2.22 The time limit does not apply to claims for input tax credits or fuel tax credits if the credits are taken into account in working out the net amount or net fuel amount or overpaid refund, which the Commissioner can recover from the taxpayer because the payment of the liabilities was avoided by fraud or evasion. [ Schedule 2, Part 1, item 9, paragraph 105 - 55(1 )( c )]

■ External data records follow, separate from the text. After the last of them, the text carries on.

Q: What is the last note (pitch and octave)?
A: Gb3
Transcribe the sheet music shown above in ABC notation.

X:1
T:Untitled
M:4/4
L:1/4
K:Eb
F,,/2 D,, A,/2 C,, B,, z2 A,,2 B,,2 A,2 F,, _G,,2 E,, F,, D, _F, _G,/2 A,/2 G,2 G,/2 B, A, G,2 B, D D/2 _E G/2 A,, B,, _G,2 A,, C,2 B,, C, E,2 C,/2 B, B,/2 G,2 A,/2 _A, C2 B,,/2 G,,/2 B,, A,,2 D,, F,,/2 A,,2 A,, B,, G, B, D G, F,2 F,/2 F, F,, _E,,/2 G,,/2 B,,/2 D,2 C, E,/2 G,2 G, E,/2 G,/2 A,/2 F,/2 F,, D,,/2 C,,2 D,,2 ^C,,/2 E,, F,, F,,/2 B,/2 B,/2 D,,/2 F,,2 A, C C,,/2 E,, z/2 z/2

2.23 Examples where a refund or credit may arise for a taxpayer include:

·
where the net amount relating to indirect taxes or net fuel amount for a tax period is less than zero;
·
additional claims for input tax credits;
·
where the original net amount relating to indirect taxes or net fuel amount for a tax period is more than zero which resulted in the taxpayer having a liability but the liability is reduced by one or more later amendments to their business activity statement;
·
where the net amount relating to indirect taxes or net fuel amount for a tax period is less than zero and the refund amount is increased;
·
overpaid GST on taxable importations.

2.24 The four-year time limit on the payment of refunds to taxpayers applies irrespective of how the entitlement to the refund arises. Therefore the four-year time limit on refunds applies, for example, where there is a reduction in a taxpayer's liability. These amendments achieve this by ensuring that the time limit applies to any refund of a net amount or net fuel amount or other amount or payment that was overpaid as indirect tax. [ Schedule 2, Part 1, items 7 and 8, 10 to 12 and 15, paragraphs 105 - 55(2 )( a ), ( 2 )( aa ) and ( 3 )( c )]

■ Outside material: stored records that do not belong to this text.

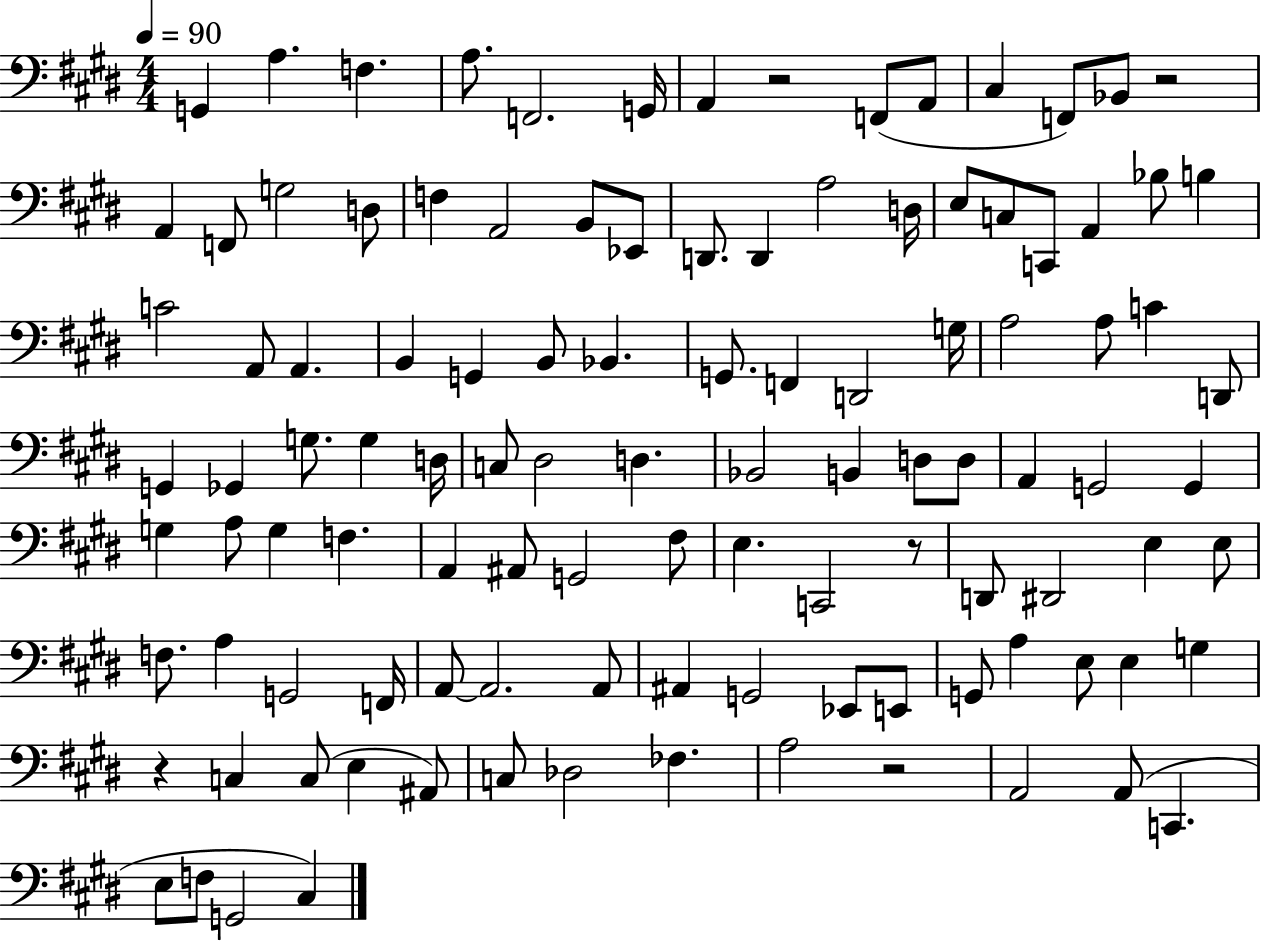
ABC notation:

X:1
T:Untitled
M:4/4
L:1/4
K:E
G,, A, F, A,/2 F,,2 G,,/4 A,, z2 F,,/2 A,,/2 ^C, F,,/2 _B,,/2 z2 A,, F,,/2 G,2 D,/2 F, A,,2 B,,/2 _E,,/2 D,,/2 D,, A,2 D,/4 E,/2 C,/2 C,,/2 A,, _B,/2 B, C2 A,,/2 A,, B,, G,, B,,/2 _B,, G,,/2 F,, D,,2 G,/4 A,2 A,/2 C D,,/2 G,, _G,, G,/2 G, D,/4 C,/2 ^D,2 D, _B,,2 B,, D,/2 D,/2 A,, G,,2 G,, G, A,/2 G, F, A,, ^A,,/2 G,,2 ^F,/2 E, C,,2 z/2 D,,/2 ^D,,2 E, E,/2 F,/2 A, G,,2 F,,/4 A,,/2 A,,2 A,,/2 ^A,, G,,2 _E,,/2 E,,/2 G,,/2 A, E,/2 E, G, z C, C,/2 E, ^A,,/2 C,/2 _D,2 _F, A,2 z2 A,,2 A,,/2 C,, E,/2 F,/2 G,,2 ^C,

Example 2.5 Mark Enterprises lodged its June 2008 quarterly business activity statement reporting GST of $50,000 on sales and input tax credits of $30,000 on creditable acquisitions and remitted $20,000 to the Commissioner on 28 July 2008.On 15 November 2012, Mark Enterprises realised that it made an arithmetic error and the correct amount of GST payable on its sales was $45,000 and the net amount payable was $15,000. Mark Enterprises seeks to claim a refund of $5,000 for the amount of overpaid GST.Mark Enterprises is not entitled to a refund because four years have elapsed since the end of the June 2008 tax period.

Application and transitional provisions

2.25 The amendment made to the restriction on GST refunds applies for tax periods starting on or after 1 July 2008. Therefore to the extent that an overpayment of GST is related to a tax period commencing on or after 1 July 2008, these amendments apply. [ Schedule 2, Part 2, item 18 ]

2.26 The amendment to the four-year time limits for liability and refunds applies on and after 1 July 2008. Accordingly, a four-year time limit applies in all cases (except fraud or evasion) where on and after 1 July 2008:

·
the Commissioner notifies a taxpayer of a liability; or
·
a taxpayer notifies the Commissioner or the Commissioner notifies the taxpayer, of an entitlement to a refund or credits.

[ Schedule 2, Part 1, item 16 ]

2.27 These amendments apply from 1 July 2008 to ensure that the deficiencies in the law are addressed as soon as possible. Applying these amendments from the start of the monthly, quarterly and annual tax periods also minimises any taxpayer compliance impacts from these amendments.